### What needs to be done
Copy exactly the lines of the material below that fall between the line with "Pearl Blossom Knit Set" and the line with "SMU Splash Tiny", both of those lines included; pictures stay out.

### Dataset excerpts

----------------

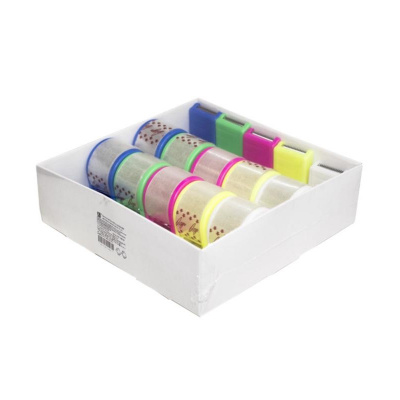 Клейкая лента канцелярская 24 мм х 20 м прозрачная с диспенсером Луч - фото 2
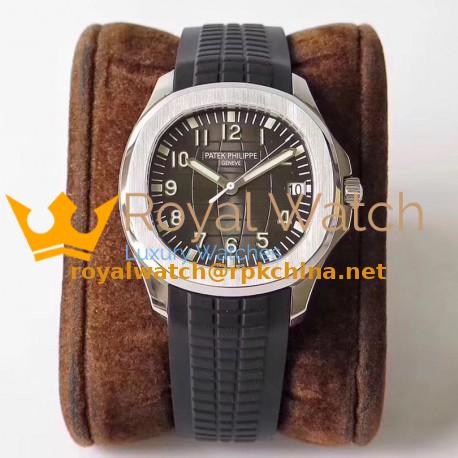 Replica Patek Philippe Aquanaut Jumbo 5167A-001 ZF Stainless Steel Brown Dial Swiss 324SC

----------------

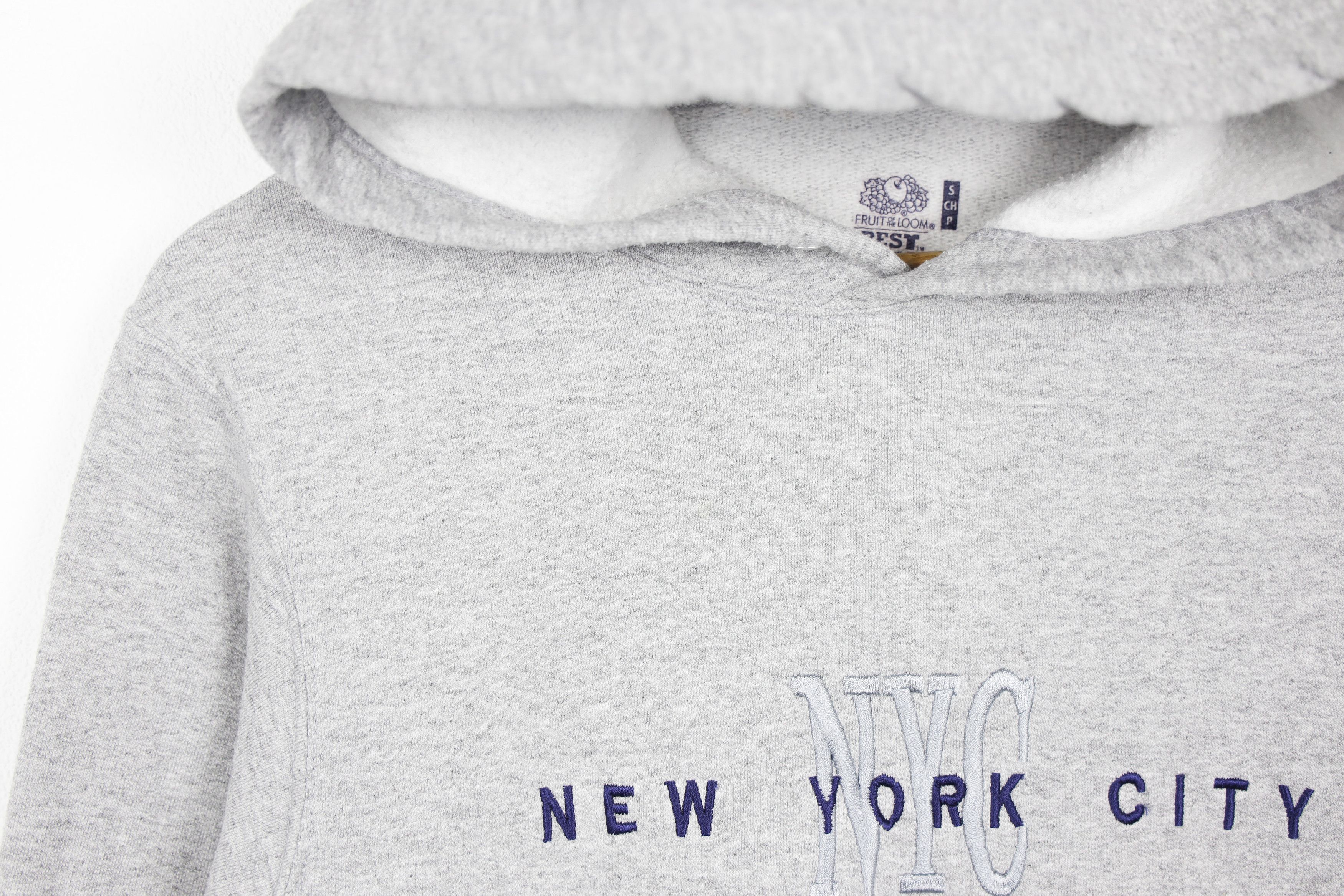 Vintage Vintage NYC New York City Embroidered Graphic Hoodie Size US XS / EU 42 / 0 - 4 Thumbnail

----------------

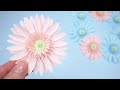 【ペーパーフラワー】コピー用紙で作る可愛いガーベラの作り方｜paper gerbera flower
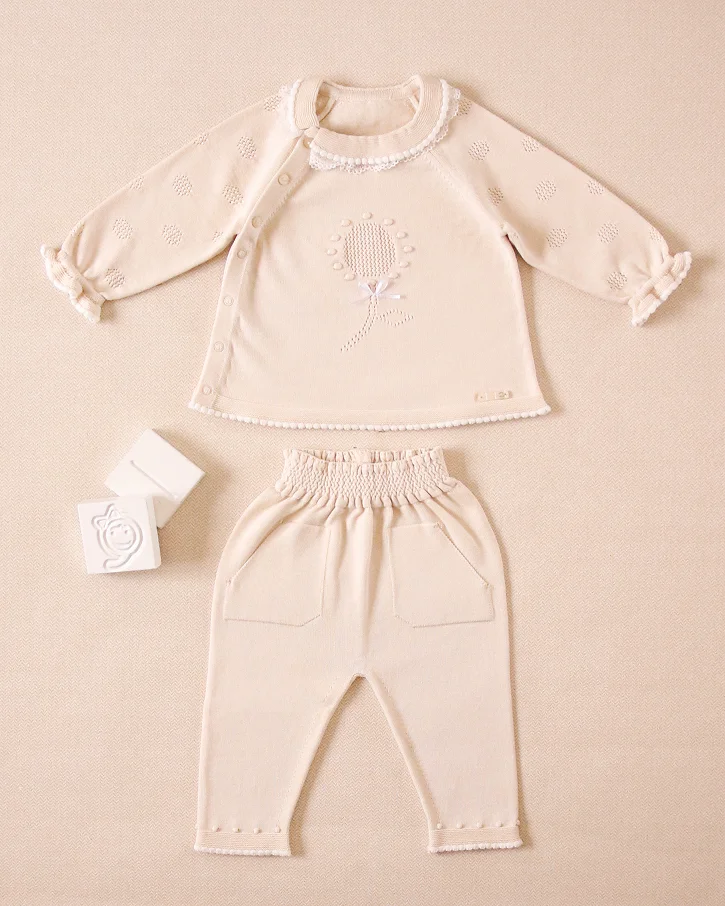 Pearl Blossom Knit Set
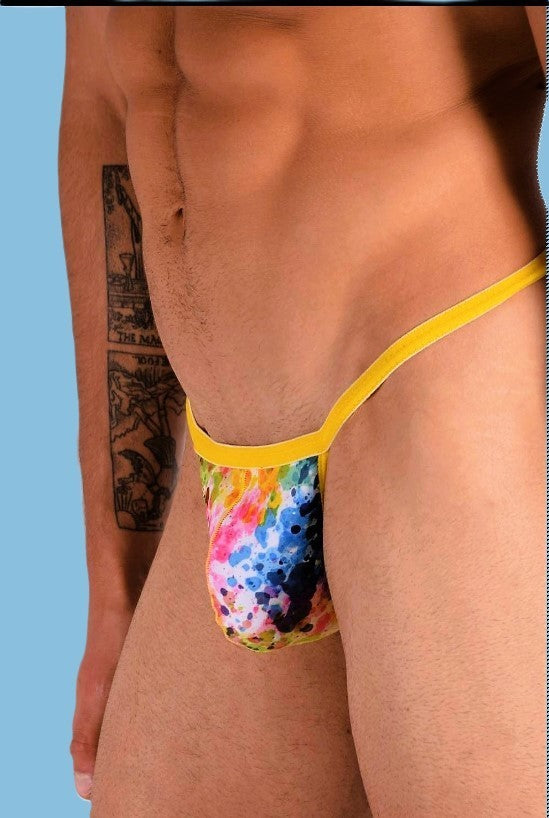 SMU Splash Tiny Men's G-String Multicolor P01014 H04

----------------

### Completed exercise
 Pearl Blossom Knit Set
 SMU Splash Tiny Men's G-String Multicolor P01014 H04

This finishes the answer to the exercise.